Brandon Judell chats with The Golden Bowl director James Ivory about adapting Henry James, the state of today’s cinema and his groundbreaking film, Maurice, which gave Hugh Grant a big boost to eventually becoming a star.

The Golden Bowl is, of course, Henry James’s unreadable novel about an Italian prince committing adultery with his wife’s best friend – who also happens to be his mother-in-law. The main difference between this tale and an episode of "The Jerry Springer Show" is that two of those involved in the former are billionaires who can tell a Raphael from a Van Gogh.

Mr. Ivory, by the way, is an American who’s directed such pictures as A Soldier's Daughter Never Cries, Surviving Picasso, Jefferson in Paris, A Room with a View, Shakespeare Wallah, The Europeans, The Bostonians, Howard’s End, and numerous other literary adaptations.

His producer is his soulmate, Ismail Merchant, while the woman who most often serves as his screenwriter is Ruth Prawer Jhabvala.
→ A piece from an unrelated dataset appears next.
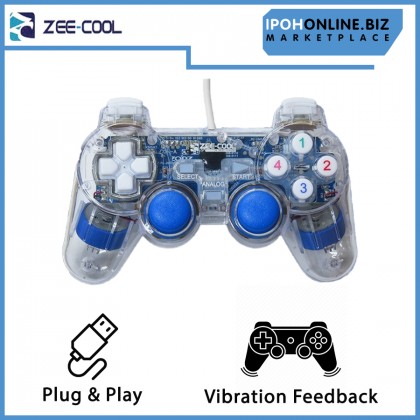 Zee-Cool USB Wired Single Shock Gamepad Controller for PC and Laptop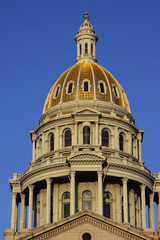 Fototapeta na wymiar Architecture of Colorado state capital building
All three reside at the same address in New York City and also share a country home.

The following conversation took place in Mr. Ivory’s Essex House hotel room in high back chairs that confronted each other.

 

Brandon Judell: According to a Gore Vidal essay on The Golden Bowl, Henry James was very happy when he wrote it because he was living with a "charming Anglo-Irish man-about-town" named Jocelyn Persse.

James Ivory: Some kind of wishful thinking there or something. That never happened to Henry James.

Judell: He never had gay desires?

Ivory: He had many, many …. He fell in love easily many, many times as an older man but he was never writing from any sort of sense of a happy love affair or a happy life or anything of that kind in which all those kinds of hopes are ever fulfilled. I mean, that didn’t happen for him.

Judell: Should we consider Henry James a gay writer? Or, if you would prefer, a writer who is gay?

Ivory: Well, we’ve read virtually every scrap of every letter he’s ever written, and we know his feelings. So I think you would have to say he was certainly gay – but not in any way as somebody who could ever realize those feelings. Here’s an interesting thing: I was going through a bunch of my stuff the other day, old newspaper clippings and so forth, and I found a very interesting article that had been written for The Advocate way back in either the late seventies or the early eighties. It was about Henry James’s feelings for his own brother, William, and how that relationship of Henry’s with William James was probably, of all the relationships in James’s life, the strongest and most compelling. No one was ever suggesting there was any sort of unsavory thing between them but just that the greatest relationship of his life was the relationship with his brother. I thought that was pretty interesting. I’ve never seen any report on it since.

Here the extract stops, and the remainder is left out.